Working with a single variable

Author

Prof. Di Cook

1. Understanding the velocity of galaxies

Load the galaxies data in the MASS package and answer the following questions based on this dataset.

Code

data(galaxies, package = "MASS")

You can access documentation of the data (if available) using the help function specifying the package name in the argument.

Code

help(galaxies, package = "MASS")

What does the data contain? And what is the data source?

Based on the description in the R Help for the data, what would be an appropriate null distribution of this data?

How many observations are there?

If the data is multimodal, which of the following displays do you think would be the best? Which would not be at all useful?

histogram
boxplot
density plot
violin plot
jittered dot plot
letter value plot

Make these plots for the data. Experiment with different binwidths for the histogram and different bandwiths for the density plot. Were you right in your thinking about which would be the best?

Fit your best mixture model to the data, and simulate 19 nulls to make a lineup. Did you do a good job in matching the distribution, ie does the data plot stand out or not? (Extra bonus: What is the model that you have created? Can you make a plot to show how it looks relative to the observed data?)

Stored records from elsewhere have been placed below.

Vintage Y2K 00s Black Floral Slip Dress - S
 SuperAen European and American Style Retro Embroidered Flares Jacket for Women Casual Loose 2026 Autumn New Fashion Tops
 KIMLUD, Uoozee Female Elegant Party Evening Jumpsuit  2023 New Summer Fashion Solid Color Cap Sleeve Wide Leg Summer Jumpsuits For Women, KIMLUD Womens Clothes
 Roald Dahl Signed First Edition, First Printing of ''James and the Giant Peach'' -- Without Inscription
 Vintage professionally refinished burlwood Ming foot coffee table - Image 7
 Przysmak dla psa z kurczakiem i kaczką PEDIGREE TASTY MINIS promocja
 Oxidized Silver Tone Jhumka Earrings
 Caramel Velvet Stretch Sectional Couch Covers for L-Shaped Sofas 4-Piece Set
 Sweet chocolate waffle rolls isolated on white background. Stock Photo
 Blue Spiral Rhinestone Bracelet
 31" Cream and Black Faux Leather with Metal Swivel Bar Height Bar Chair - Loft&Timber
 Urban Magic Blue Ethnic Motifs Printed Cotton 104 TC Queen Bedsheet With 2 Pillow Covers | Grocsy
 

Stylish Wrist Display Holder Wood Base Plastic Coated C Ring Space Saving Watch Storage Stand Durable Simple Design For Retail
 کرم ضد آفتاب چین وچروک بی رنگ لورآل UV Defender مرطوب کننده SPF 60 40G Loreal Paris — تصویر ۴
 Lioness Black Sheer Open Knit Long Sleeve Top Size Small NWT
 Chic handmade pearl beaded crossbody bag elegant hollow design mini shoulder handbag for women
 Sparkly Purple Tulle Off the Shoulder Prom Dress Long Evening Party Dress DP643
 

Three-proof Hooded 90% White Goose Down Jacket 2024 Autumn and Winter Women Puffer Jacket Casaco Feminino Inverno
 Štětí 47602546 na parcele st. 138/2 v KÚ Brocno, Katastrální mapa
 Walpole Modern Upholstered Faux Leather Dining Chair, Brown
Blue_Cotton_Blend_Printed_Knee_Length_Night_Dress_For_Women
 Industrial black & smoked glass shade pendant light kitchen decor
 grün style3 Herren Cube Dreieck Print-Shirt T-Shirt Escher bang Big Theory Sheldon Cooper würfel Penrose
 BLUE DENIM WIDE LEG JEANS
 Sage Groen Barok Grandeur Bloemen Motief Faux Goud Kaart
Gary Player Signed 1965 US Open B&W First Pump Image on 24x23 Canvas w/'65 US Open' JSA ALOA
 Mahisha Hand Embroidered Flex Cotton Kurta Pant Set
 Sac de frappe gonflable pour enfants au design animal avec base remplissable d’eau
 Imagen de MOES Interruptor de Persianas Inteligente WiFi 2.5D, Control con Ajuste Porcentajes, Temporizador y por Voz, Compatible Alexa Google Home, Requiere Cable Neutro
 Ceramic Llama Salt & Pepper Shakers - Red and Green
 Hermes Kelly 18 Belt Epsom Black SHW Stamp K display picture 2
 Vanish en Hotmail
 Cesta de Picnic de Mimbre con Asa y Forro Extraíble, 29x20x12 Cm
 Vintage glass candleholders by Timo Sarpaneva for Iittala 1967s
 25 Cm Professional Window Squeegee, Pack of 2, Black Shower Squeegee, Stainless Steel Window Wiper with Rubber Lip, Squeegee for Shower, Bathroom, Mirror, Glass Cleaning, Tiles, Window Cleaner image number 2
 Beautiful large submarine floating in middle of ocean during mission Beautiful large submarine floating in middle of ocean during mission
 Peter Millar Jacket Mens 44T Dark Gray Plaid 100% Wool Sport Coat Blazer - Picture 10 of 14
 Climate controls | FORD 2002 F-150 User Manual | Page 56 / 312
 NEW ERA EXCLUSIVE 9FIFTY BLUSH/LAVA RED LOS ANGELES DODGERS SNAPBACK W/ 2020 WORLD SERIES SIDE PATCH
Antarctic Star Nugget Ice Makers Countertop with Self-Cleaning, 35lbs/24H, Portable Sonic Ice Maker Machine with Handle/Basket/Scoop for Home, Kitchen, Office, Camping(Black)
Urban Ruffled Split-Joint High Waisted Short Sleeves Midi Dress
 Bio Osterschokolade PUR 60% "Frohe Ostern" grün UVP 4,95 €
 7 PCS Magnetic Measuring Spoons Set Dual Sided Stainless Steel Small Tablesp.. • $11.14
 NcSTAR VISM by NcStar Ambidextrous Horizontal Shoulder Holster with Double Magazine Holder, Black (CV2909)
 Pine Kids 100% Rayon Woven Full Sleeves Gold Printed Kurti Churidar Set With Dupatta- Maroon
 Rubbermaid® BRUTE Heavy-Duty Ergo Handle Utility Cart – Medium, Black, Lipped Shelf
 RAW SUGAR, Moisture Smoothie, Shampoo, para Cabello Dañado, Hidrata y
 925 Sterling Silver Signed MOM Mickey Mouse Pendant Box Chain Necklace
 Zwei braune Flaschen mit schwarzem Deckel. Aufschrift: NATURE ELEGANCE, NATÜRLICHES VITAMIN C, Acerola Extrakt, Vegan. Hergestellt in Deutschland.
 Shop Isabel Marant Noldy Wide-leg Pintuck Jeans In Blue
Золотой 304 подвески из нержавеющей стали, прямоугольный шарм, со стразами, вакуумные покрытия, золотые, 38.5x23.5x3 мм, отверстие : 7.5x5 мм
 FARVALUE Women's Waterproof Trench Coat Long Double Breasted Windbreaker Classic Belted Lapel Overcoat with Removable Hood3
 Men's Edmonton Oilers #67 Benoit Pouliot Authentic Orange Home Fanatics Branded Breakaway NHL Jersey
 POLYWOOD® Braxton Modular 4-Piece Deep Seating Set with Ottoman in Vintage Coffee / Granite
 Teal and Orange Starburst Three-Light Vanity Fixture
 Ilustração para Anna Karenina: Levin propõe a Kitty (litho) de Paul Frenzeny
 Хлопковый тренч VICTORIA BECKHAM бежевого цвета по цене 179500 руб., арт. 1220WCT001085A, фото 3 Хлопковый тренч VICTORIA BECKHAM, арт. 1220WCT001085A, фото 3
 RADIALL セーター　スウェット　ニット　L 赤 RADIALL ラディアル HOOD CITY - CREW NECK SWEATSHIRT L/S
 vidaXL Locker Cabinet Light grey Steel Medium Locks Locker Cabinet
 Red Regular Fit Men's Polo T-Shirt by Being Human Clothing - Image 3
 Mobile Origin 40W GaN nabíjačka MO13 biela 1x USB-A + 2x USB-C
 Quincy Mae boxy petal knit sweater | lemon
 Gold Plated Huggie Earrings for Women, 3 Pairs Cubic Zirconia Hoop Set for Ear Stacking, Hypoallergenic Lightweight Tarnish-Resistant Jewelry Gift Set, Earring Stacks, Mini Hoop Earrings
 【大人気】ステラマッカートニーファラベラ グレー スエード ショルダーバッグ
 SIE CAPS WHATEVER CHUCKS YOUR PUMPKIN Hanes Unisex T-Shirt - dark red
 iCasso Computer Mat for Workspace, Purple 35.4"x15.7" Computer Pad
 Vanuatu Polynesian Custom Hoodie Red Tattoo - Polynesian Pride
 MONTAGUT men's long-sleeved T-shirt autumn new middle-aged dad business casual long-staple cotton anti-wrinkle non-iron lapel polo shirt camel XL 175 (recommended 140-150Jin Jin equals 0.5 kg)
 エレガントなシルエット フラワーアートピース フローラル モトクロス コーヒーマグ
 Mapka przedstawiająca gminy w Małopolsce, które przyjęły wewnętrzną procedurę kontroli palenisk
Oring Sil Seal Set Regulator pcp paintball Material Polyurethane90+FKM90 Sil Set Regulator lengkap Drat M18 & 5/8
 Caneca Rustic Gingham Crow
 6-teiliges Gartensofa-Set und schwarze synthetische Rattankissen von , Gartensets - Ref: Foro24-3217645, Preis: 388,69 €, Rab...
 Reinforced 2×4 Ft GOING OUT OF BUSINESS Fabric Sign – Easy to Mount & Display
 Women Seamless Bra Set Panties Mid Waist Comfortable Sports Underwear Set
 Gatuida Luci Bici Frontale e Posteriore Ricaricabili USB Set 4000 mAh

This code might be helpful to get you started. This code generates a jittered dotplot, but you can use your preferred type from part e.

Code

# Fit a mixture model
library(mixtools)
galaxies_fit <- normalmixEM(galaxies, k=3)

set.seed(1138)
galaxies_sim1 <- rnormmix(n=length(galaxies), 
              lambda=galaxies_fit$lambda, 
              mu=galaxies_fit$mu,
              sigma=galaxies_fit$sigma)

Code

# Plot your data
ggplot(tibble(galaxies_sim1), aes(x=galaxies_sim1)) +
  geom_quasirandom(aes(x=1, y=galaxies_sim1)) + 
  coord_flip() +
  theme(
    aspect.ratio = 0.7,
    axis.title = element_blank(),
    axis.text = element_blank(),
    axis.ticks = element_blank()
  )

Code

# Generate null plots and make a lineup
galaxies_null <- tibble(.sample=1, galaxies=galaxies_sim1)
for (i in 2:19) {
  gsim <- rnormmix(n=length(galaxies), 
              lambda=galaxies_fit$lambda, 
              mu=galaxies_fit$mu,
              sigma=galaxies_fit$sigma)
  galaxies_null <- bind_rows(galaxies_null,
                             tibble(.sample=i, galaxies=gsim))
}
galaxies_null <- bind_rows(galaxies_null,
                             tibble(.sample=20,
                                    galaxies=galaxies))
# Randomise .sample  to hide data plot
galaxies_null$.sample <- rep(sample(1:20, 20), rep(82, 20))
ggplot(tibble(galaxies_null), aes(x=galaxies)) +
  geom_quasirandom(aes(x=1, y=galaxies)) + 
  facet_wrap(~.sample, ncol=5) +
  coord_flip() +
  theme(
    aspect.ratio = 0.7,
    axis.title = element_blank(),
    axis.text = element_blank(),
    axis.ticks = element_blank()
  )

2. What is the best transformation to make?

For each of the variables in the data, which-transform.csv, decide on an appropriate transformation to make the distribution more symmetric for five of the variables and remove discreteness on one variable.